研究課題
挑戦的萌芽研究
虚血時には低酸素と酸性化(低pH)が伴う。これは酸素供給の低下とそれを反映した解糖系の亢進による乳酸産生の増加に基づく。最近、我々を含む国内外のグループによって、従来リゾ脂質性のG蛋白質共役受容体(GPCR)と報告されていたOGR1ファミリー(OGR1,GPR4,TDAG8)が細胞外のpH(プロトン)を感知して細胞内にシグナルを伝達するGPCRであることが判明した。私達はこのユニークなGPCRの生体での機能を知る目的で受容体欠損マウスを作成した。本研究では、脳虚血に曝された細胞が再灌流時のダメージとそれからの回復に対して、pH感知性受容体がどのように関わっているかについて、脳梗塞モデル実験、ミクログリア、神経細胞を用いた作用機構解析によって明らかにする。その結果、(1)中大脳動脈閉塞(約30分)再灌流後、5日後の線条体の梗塞部位と反対側線条体のTTC染色をおこない、神経細胞などのアポト-シスの状況を調べたところ、梗塞部位で明らかな神経細胞の細胞死を観察した。また、運動機能の測定でも、対象マウスと梗塞を行ったマウスであきらかな運動機能の違いが観察された。それをスコア化することで、運動機能の測定が可能であった。現在、これらの方法を用いて、野生型マウスとプロトン感知性受容体の一つであるTDAG8欠損マウスとの比較実験をおこなっている。(2)マウス胎児から採取したミクログリアではTDAG8が主要なプロトン感知性受容体である。酸性pHはLPSによる炎症性サイトカイン(IL-1b)産生を抑制する。この応答はTDAG8欠損マウス由来のマイクログリアでは有意に抑制された。cAMP誘導体(PKA特異的誘導体、Epac特異的誘導体)、PKA阻害薬の効果などを調べた実験から、pH低下がTDAG8/cAMP/PKAを介してLPS応答を抑制していることが判明した。
2: おおむね順調に進展している
当初は実験が比較的容易な総頸動脈閉塞モデルマウスで実験を行っていた。しかし、梗塞部位と非梗塞部位との比較のためには中大脳動脈閉塞のほうがベターであるとの判断から、方法を変えてみた。実験手技の取得にやや時間がかかり、やっと、プロトン感知性受容体欠損マウスの実験データが得られ始めた段階である。梗塞実験のデータは再現性よく得られているので、今後、多いに期待できる。ミクログリアの実験は当初の予定どおり、TDAG8のサイトカイン産生抑制機構に関してcAMP/PKAの関与を証明できた。

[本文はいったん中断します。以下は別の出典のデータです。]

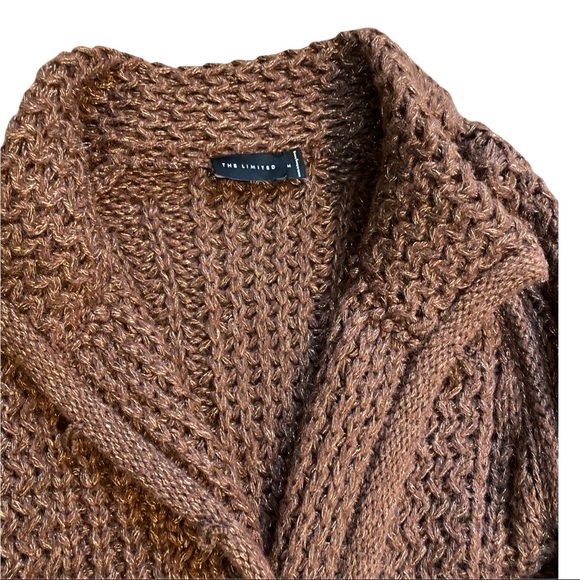 Long -Trendy and Fashionable - Brown Cardigan- Size M - Picture 2 of 7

このように、個体レベルの中大脳動脈閉塞実験では再現性よくTTC染色によるアポトーシスの比較、運動機能の測定ができるようになったので、これを継続して、プロトン感知性受容体の中でもTDAG8の関与を明らかにしたい。また、虚血再還流後の組織を採取して炎症性サイトカイン(TNF-a, IL-1b, IL-6, iNOS, COX-2など)のmRNAの測定などを行い、炎症反応の程度の違いを明らかにする。ミクログリアの実験ではcAMP/PKAがLPSのどのシグナル系を抑制しているかに関して、MAPKを指標にして解析する。さらに、神経細胞におけるプロトン感知性受容体の役割りに関しても、神経細胞のモデルとしてN1E115細胞のシグナル系と受容体の関係を明らかにする。
計画はほぼ順調に遂行した。予定していた試薬の入手が年度をまたぐ危惧があったために若干の経費の繰り越しになった。この持ち越し経費は当初予定の経費と合わせ、ミクログリアにおけるcAMP/PKAのMAPK活性に対する影響の解析や神経細胞のモデルとしてのN1E115細胞のシグナル伝達系の解析に用いる。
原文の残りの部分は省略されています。